Jungkook sonunda ona bakan kişi ile gergince gülümsedi.Kafeye geldiklerinden beri kafasını kitabından kaldırmamış sadece önemli gördüğü yerlerde göz teması kurarak dersini anlatmıştı.Bu durum fazlasıyla canını sıkmıştı Jungkook'un.Tamam tabiki rahat bir şekilde davranmasını beklemek saçmalıktı.Sonuçta en son yaşadıkları güzel anılardan sonra...sevgilisiyle el ele tutuşarak dersini dinlemek zorunda kalması...fazlasıyla saçmalıktı.Ama elinden bir şey gelmiyordu.Ne kadar kaçmaya çalışırsa Yeri ona o kadar yakınlaşıyordu.
"Off gerçekten o kadar ezberlenecek şey var ki kafayı yiyeceğim."Yeri saçlarını karıştırarak arkasına yaslandığında Jimin göz ucuyla ona bakmıştı.Onun bu haline gözlerini devirmek istiyordu çünkü zaten dersin başından beri onu dinlememiş sürekli Jungkook ile uğraşmıştı.Bu durum fazlasıyla canını sıkmıştı Jimin'in.Kendisini sakinleştirmek için sürekli bir şeyler okuyor ve konuşmayı durdurmuyordu.Dikkatini sadece derse vermeye çalışıyordu.
"Gerçekten çok yoruldum Kookie."diyerek dudak büzdü ve kafasını Jungkook'un omzuna yasladı Yeri.Jimin bu hareket ile gözlerini kaçırarak dışarıyı incelemeye başlamıştı.
"Yorulduysan gidebilirsin."Jungkook'un sözleriyle şaşkınca ona baktı ikili.Jungkook bulunduğu durumdan sıkıldığı kadar sıkılmıştı Yeri'nin davranışlarından.Sevgili olabilirlerdi ancak bu onun bu şekilde rahat davranmasına sebep olamazdı.Karşısında tanımadığı birisi otururken Jungkook'un elini tutması,sürekli ona gülümseyip kafasını omzuna yaslaması onun için utanmazlıktan başka bir şey değildi.
"Anlamadım?"Yeri yerinde doğrularak Jungkook'a baktığında ise Jungkook derin bir nefes aldı.
"Yorulduysan gidebilirsin Yeri.Hem senin yarın önemli bir sınavın yok muydu?Eve gidip biraz dinlenmen gerekiyor."Jungkook her şeye rağmen sesini olabildiğince yumuşak tutmaya çalışıyordu.Ne olmuş olursa olsun birisini kırmaya o kadar da hevesli değildi.

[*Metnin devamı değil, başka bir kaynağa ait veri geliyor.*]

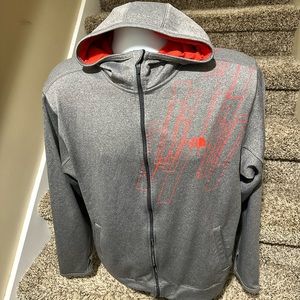 Gray and Red Men's Hoodie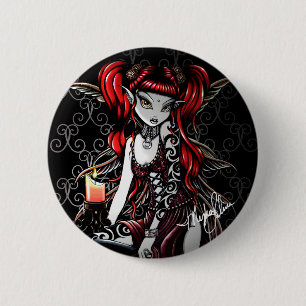 "Terra" Candle Light Tattoo Fairy Pinback Button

"Ah...doğru ya ben onu tamamen unutmuşum."Yeri hatırladığı şey ile yüzünü buruştururken Jimin sessizce onları izlemeyi tercih etmişti.
"Pekala.Gidelim o zaman."Yeri bir yandan eşyalarını toparlarken konuştuğunda göz göze geldi Jimin ve Jungkook.Jimin Jungkook'un vereceği cevabı merakla beklerken dudağını dişledi Jungkook.Ardından göz temasını kesmeden konuşmaya başladı.
"Ben kalıyorum."sözleri üzerine Jimin'in yüzünde hafif bir tebessüm oluştuğunda ise daha fazla cesaretlenmişti.
"Ne?Benimle gelmeyecek misin?"
"Daha çalışacağımız bir sürü konu var Yeri.O yüzden kalmam gerekiyor.Hem o kadar para veriyoruz karşılığını almamız gerekiyor değil mi?"diyerek Yeri'ye baktığında Yeri bir süre durakladı.Ardından bakışları dışarıya odaklandı.
"Pekala...ama hava kararmak üzere.Geç kalma olur mu?Karanlığı sevmezsin sen."Jimin duyduğu sözlerle şaşkınca Jungkook'a baktı.Jungkook ise bu bakışları fark edince biran gerildiğini hissetmişti.
"Hadi ama Yeri...ben artık kocaman adam oldum.Karanlıktan korkacak değilim ya?"diyerek sahte bir şekilde güldüğünde endişeyle ona baktı Yeri.
"Emin misin?"
"Eminim dedim ya!Hadi hadi git sen."Jungkook'un sözlerine Yeri biraz bozulmuş olsada belli etmemeye çalışarak çantasını omzuna astı.Ardından Jungkook'un yanağına bir öpücük bıraktıktan sonra Jimin'e baktı ve kocaman gülümsedi.